--- TASK TO COMPLETE ---
Reproduce word for word, from the entries below, the line with "Barcelona 25/26 Team", the line with "Seed card 6, Pango fishing", and every line between them, and nothing more.
START DATASET RECORDS
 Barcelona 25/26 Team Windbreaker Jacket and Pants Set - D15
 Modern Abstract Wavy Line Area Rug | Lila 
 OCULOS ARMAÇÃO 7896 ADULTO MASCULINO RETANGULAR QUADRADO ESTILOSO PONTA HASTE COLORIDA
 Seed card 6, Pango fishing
END DATASET RECORDS
START DATASET RECORDS
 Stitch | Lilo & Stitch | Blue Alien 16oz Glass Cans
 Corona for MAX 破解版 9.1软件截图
END DATASET RECORDS
--- ANSWER AREA ---
 Barcelona 25/26 Team Windbreaker Jacket and Pants Set - D15
 Modern Abstract Wavy Line Area Rug | Lila 
 OCULOS ARMAÇÃO 7896 ADULTO MASCULINO RETANGULAR QUADRADO ESTILOSO PONTA HASTE COLORIDA
 Seed card 6, Pango fishing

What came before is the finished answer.